我的研究地点寨子村是偶然接触到的,对我来说是全新的,所以我的观察是短暂而仓促的。这样既有好处也有坏处:好处是我们不会在感情上对陌生的事物产生偏见;缺点是研究难度较大,知识非常有限和浅薄。好在关于它的旧史,村里曾经整理过一本《寨子村志》,是上世纪90年代70岁以上老人的回忆和口述写成的。里面的材料极其丰富,大大降低了我调查的难度。至于合作组织“普汉”,已经有很多研究,互相比较可以形成丰富的素材。再加上我个人与研究地当地民众的关系,可以了解他们对现有材料中事件的态度和感受,基本可以支撑我的研究框架。
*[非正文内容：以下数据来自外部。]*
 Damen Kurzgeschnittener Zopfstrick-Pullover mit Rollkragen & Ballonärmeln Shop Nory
我选择了托恩尼斯的理论作为观察视角,在此要感谢我的导师。高一确定基本方向后,她很早就给我推荐了这本书,我之前也没接触过他的理论。托恩尼斯认为,社会会侵蚀同一肉体并毁灭它,其理论基础在于选择意志与本质意志的关系。这种现象也可以用马克思对人的异化和韦伯对行动的合理化来解释,但马克思更关注外物与人的关系,韦伯更关注行动的意义。这种刻意从宏观层面(韦伯可能在中观)分析社会现象的努力,一方面区分了社会学和心理哲学,另一方面也必然是深刻的。我想这就是托恩尼斯“同体同社”的独特之处。
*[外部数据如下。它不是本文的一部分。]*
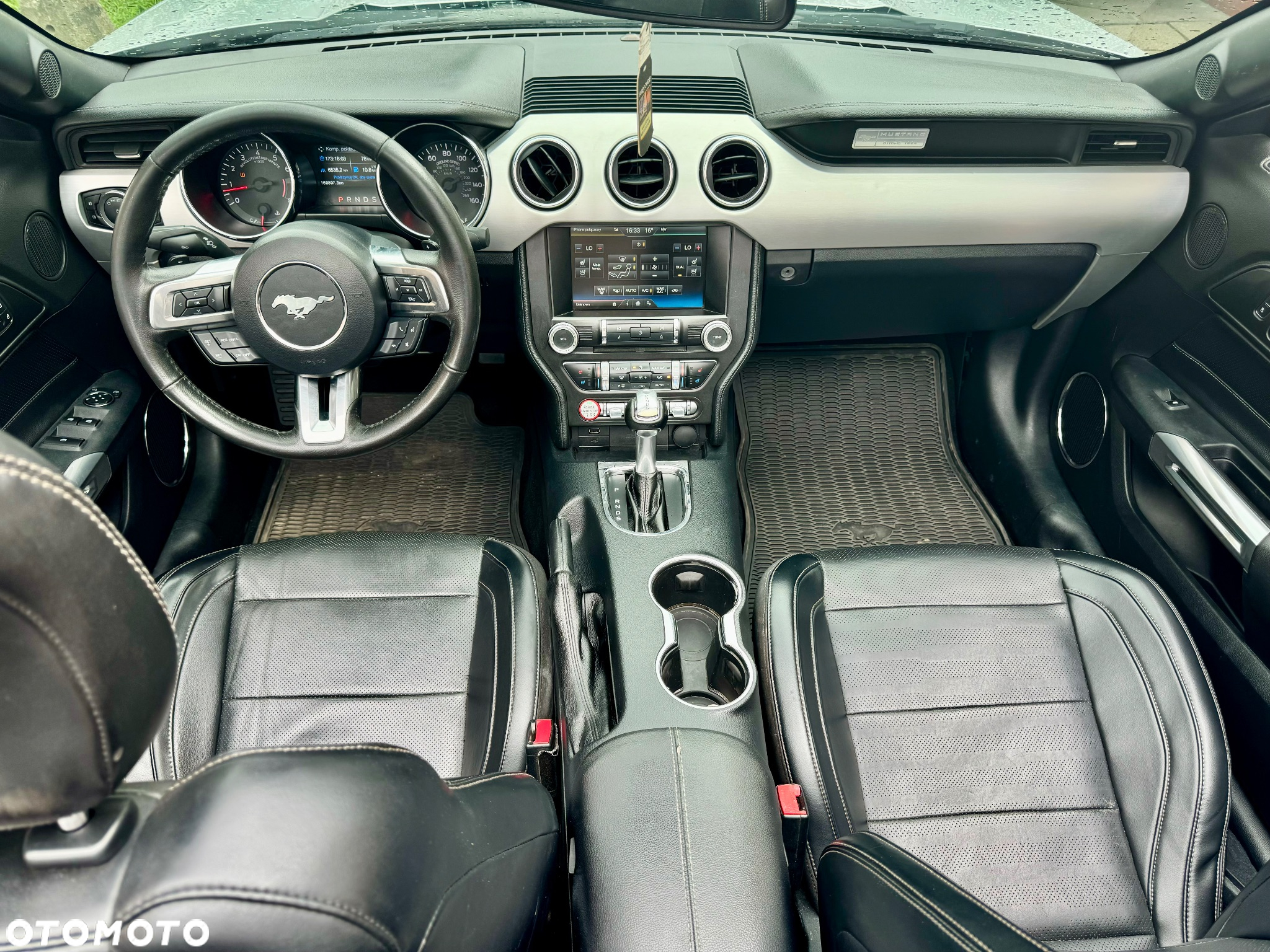 Ford Mustang - 13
今天这篇论文的完成,首先要感谢我的导师王小利副教授。作为交流对象,她多次和我继续讨论论文的形式和主题,我们的合作让它变成了现在的样子。而且她总是善于鼓励学生,不给我太大的压力,这让我的写作轻松了很多。老师和学生的关系没有以前那么密切了。我认为我们保持了良好的距离,所以我们可以成为老师的朋友。其次,我要感谢我在中国农业大学农学院的老师胡教授。一方面,我们在一起近四五年了。他教会了我很多,我的很多农业知识和观点都是从他那里学来的。另一方面,我是因为他才被介绍到蒲寒和寨子村的。他打算今年退休。祝他离开校务后开始理论研究,突破中年的理论高度。最后,我要感谢“普韩”合作组织中的工作人员。他们的善良和热情让我在村里感觉很舒服,我们可以真诚地一起思考组织的未来。虽然最后的结论可能与他们的观点完全相反,但我很庆幸自己是在理解他们的前提下提供一些“刺耳”的声音,而不是无理取闹。当然应该感谢我的父母,包括我妈,平日里很少联系我。正因为我有最深的信念和肯定,所以不管形式如何,我都应该时不时和他们保持联系。
三年很快就过去了,最后我完成了我的首要目标——完成毕业论文。原来大四的目标是继续读博士。可惜三年的懒惰,最终没能保住这个志向,于是让27岁的硕士毕业成为我20年学习生涯的终结。九年大学即将结束,新的生活即将开始,我也快到30岁了。我期待在新的角色和职位上做得更好。